» **EXERCISE INPUTS**
┌──
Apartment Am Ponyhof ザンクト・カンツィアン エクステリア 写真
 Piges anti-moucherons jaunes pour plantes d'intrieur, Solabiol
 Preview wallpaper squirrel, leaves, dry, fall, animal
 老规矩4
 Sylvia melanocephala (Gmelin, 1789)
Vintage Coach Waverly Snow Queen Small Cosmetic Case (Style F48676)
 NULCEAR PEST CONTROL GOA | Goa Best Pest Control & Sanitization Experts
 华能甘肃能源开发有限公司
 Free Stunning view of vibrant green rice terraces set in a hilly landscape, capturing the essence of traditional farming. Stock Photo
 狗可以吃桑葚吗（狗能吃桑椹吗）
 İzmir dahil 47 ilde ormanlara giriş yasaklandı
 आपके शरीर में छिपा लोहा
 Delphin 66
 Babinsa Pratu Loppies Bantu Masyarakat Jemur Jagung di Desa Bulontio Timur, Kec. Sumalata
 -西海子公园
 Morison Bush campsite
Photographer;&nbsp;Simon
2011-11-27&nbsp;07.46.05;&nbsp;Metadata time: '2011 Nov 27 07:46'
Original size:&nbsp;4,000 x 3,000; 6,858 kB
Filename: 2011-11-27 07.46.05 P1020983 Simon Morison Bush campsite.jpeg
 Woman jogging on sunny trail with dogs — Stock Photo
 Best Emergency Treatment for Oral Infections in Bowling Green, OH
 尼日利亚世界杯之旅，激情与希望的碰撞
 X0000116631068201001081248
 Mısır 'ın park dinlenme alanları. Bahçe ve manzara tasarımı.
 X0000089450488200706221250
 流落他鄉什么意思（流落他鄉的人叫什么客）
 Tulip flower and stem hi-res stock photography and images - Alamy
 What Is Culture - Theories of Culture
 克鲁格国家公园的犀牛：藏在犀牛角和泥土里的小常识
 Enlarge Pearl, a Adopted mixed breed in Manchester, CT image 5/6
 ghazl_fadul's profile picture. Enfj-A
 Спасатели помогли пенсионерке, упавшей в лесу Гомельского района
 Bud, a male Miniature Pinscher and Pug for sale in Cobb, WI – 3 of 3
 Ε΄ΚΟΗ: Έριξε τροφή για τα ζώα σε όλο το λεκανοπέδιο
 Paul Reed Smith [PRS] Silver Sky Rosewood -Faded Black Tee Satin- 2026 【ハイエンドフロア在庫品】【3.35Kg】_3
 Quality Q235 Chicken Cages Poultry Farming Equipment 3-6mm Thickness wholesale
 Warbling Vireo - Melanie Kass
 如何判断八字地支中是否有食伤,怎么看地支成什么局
└──
» **WHAT IS REQUIRED**
Look above for the line with "Woman jogging on" and the line with "Спасатели помогли пенсионерке, упавшей"; transcribe both and all lines in between, exactly, and nothing else.

» **EXERCISE ANSWER**
 Woman jogging on sunny trail with dogs — Stock Photo
 Best Emergency Treatment for Oral Infections in Bowling Green, OH
 尼日利亚世界杯之旅，激情与希望的碰撞
 X0000116631068201001081248
 Mısır 'ın park dinlenme alanları. Bahçe ve manzara tasarımı.
 X0000089450488200706221250
 流落他鄉什么意思（流落他鄉的人叫什么客）
 Tulip flower and stem hi-res stock photography and images - Alamy
 What Is Culture - Theories of Culture
 克鲁格国家公园的犀牛：藏在犀牛角和泥土里的小常识
 Enlarge Pearl, a Adopted mixed breed in Manchester, CT image 5/6
 ghazl_fadul's profile picture. Enfj-A
 Спасатели помогли пенсионерке, упавшей в лесу Гомельского района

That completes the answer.